Dia meminta agar nama tersebut bukan untuk nama jalan yang kecil, melainkan jalan yang besar mengingat jasanya yang juga besar bagi persatuan Indonesia.
BACA JUGA :
Sebelunya, Kemendikbud mengubah nama salah satu nama gedungnya yang sebelumnya bernama Samudra menjadi Mohammad Tabrani. "Kalau bisa di dekat Museum Sumpah Pemuda mengingat perannya dalam Kongres Pemuda," ujarnya.
Untuk usulan pahlawan nasional, kata Dadang, akan segera disampaikan ke Kementerian Sosial. Pihaknya saat ini sedang melengkapi bukti-bukti dari ahli waris karena untuk pengusulan nama pahlawan harus berdasarkan bukti yang akurat.
Sebelumnya, Kemendikbud melakukan penelusuran peran dari Mohammad Tabrani hingga ke kampung asalnya di Pamekasan, Madura, Jawa Timur.
Mohammad Tabrani lahir di Pamekasan pada 10 Oktober 1904. Ia merupakan Ketua Kongres Pemuda I yang berlangsung di Solo pada 1926. Ia juga seorang wartawan yang mulai bekerja pada harian Hindia Baru.
Dalam kolom "Kepentingan" yang ia asuh di lembaga pers itu, pada tanggal 10 Januari 1926, dimuatlah tulisan dengan judul 'Kasihan'. Tulisan itu muncul sebagai gagasan awal untuk menggunakan nama Bahasa Indonesia.
Ketika itu, Tabrani menyebut bahasa Indonesia sebagai bahasa pergaulan bangsa. Konsep kebangsaan yang muncul dari gagasan M Tabrani tersebut merujuk pada kondisi nyata keberagaman manusia yang masih bersifat kedaerahan/kesukuan dan masih mengutamakan kepentingan suku atau pun daerahnya masing-masing sebagaimana terbentuknya organisasi-organisasi pemuda pada masa itu.

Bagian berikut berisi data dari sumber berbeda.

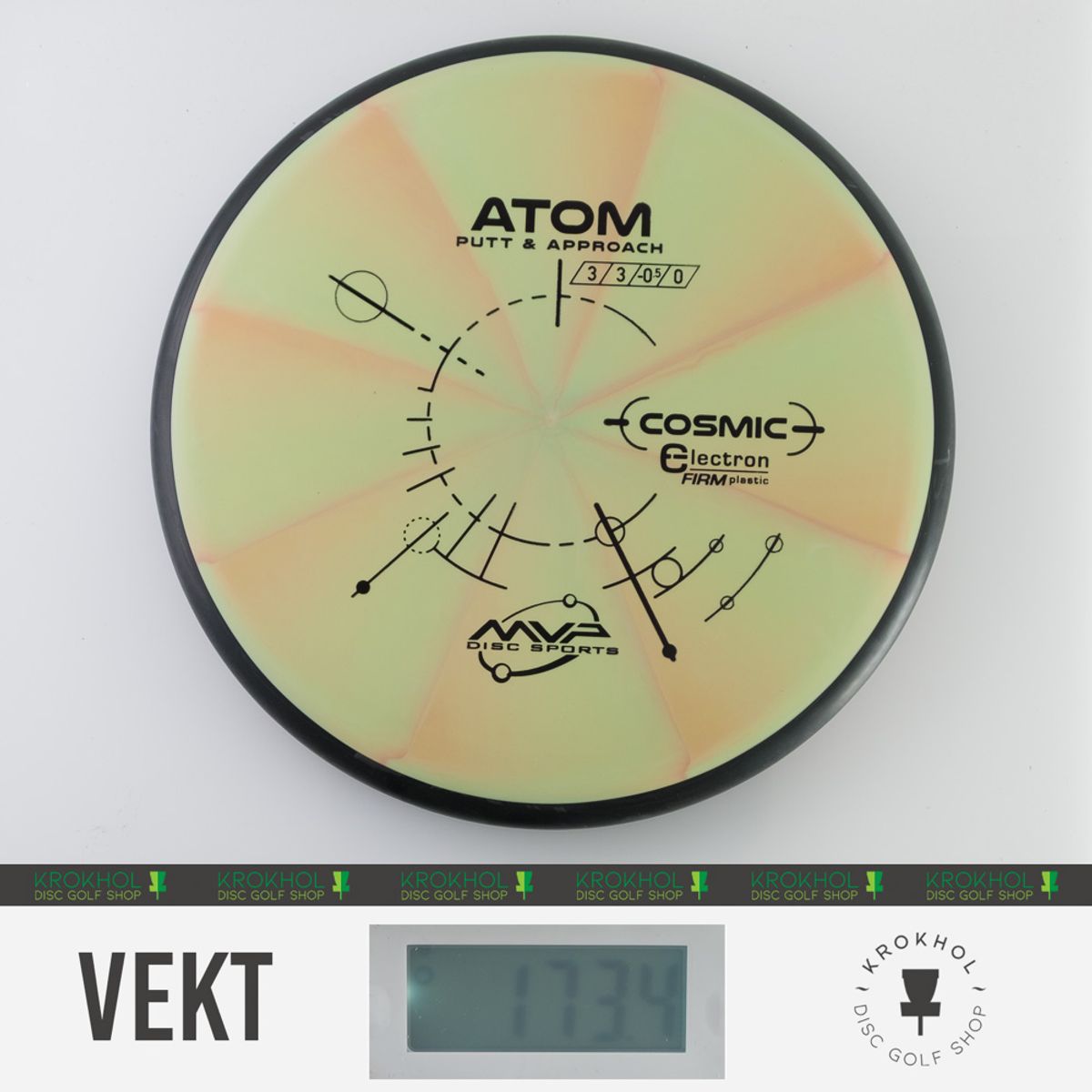 Cosmic Electron Firm Atom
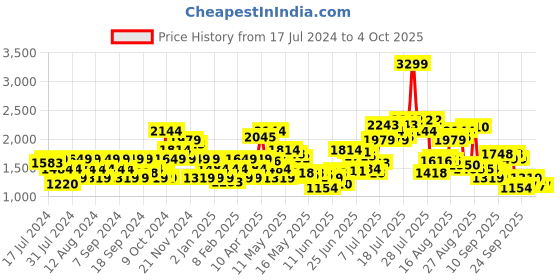 myntra.com Flying Machine Mid Rise F-Jango Straight Fit Jeans flying machine Price History Graph from 17 Jul 2024 to 4 Oct 2025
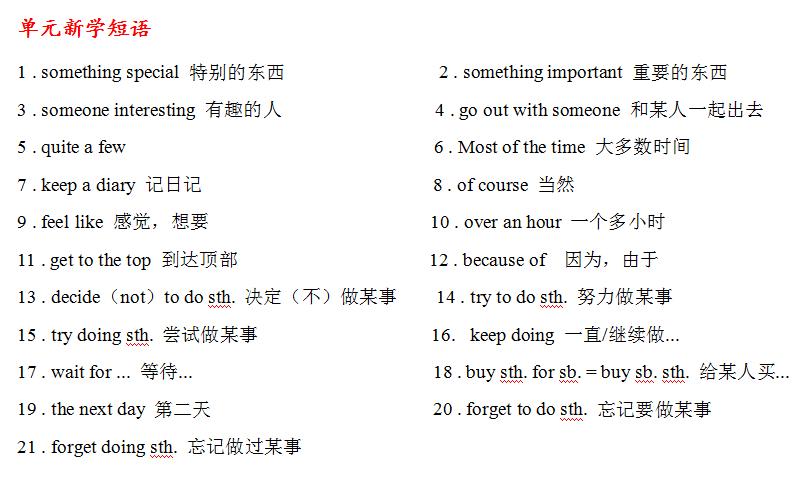 初二英语上册课本六单元语法总结,初二下册英语第一单元单词人教版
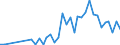 Handelsstrom: Exporte / Maßeinheit: Werte / Partnerland: World / Meldeland: New Zealand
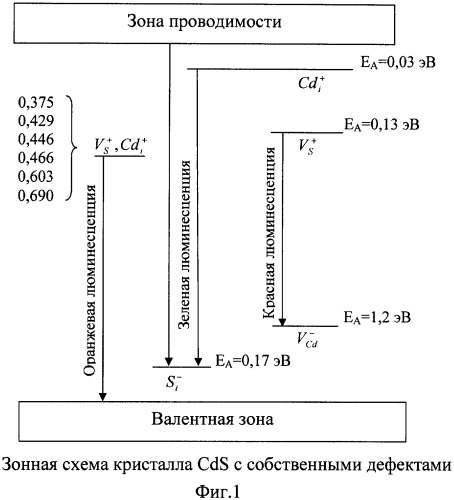 Способ защиты от подделок и контроля подлинности ценных изделий (патент 2343546)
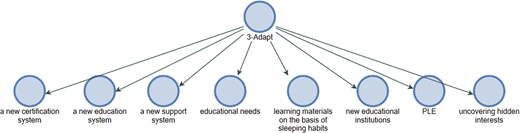 Figure 6 Refer to the image caption for details.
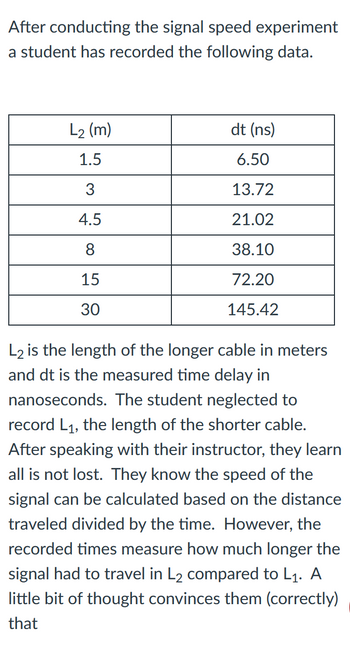 After conducting the signal speed experiment
a student has recorded the following data.
L₂ (m)
1.5
3
4.5
8
15
30
dt (ns)
6.50
13.72
21.02
38.10
72.20
145.42
L2 is the length of the longer cable in meters
and dt is the measured time delay in
nanoseconds. The student neglected to
record L₁, the length of the shorter cable.
After speaking with their instructor, they learn
all is not lost. They know the speed of the
signal can be calculated based on the distance
traveled divided by the time. However, the
recorded times measure how much longer the
signal had to travel in L2 compared to L₁. A
little bit of thought convinces them (correctly)
that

Dalam Kongres Pemuda I tersebut, Tabrani berbeda pendapat dengan Mohammad Yamin yang ingin menggunakan Bahasa Melayu. Menurut Tabrani pada saat itu, jika sudah mempunyai Tanah Air Indonesia, Bangsa Indonesia maka bahasa yang dipakai seharusnya juga Bahasa Indonesia.